## What you have to do
Would you retype exactly the lines below, starting with the one that has "Funda Para iPhone" and going on through the one that has "taper fade haircut hairstyle photo", with no pictures and nothing else?

## Given data
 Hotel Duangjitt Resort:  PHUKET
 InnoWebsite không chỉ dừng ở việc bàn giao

...

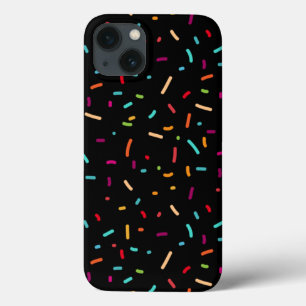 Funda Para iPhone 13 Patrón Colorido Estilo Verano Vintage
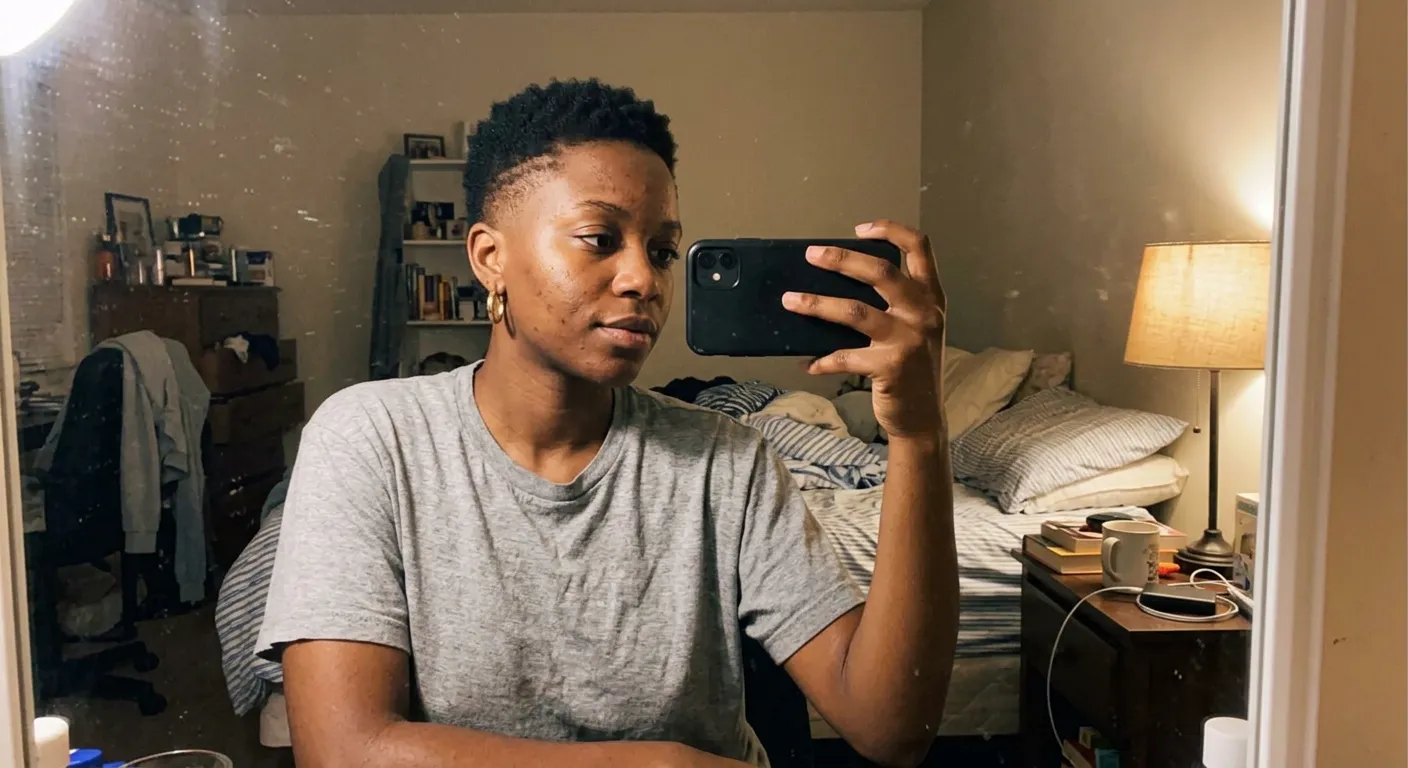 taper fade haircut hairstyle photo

## Completed exercise
 Funda Para iPhone 13 Patrón Colorido Estilo Verano Vintage
 taper fade haircut hairstyle photo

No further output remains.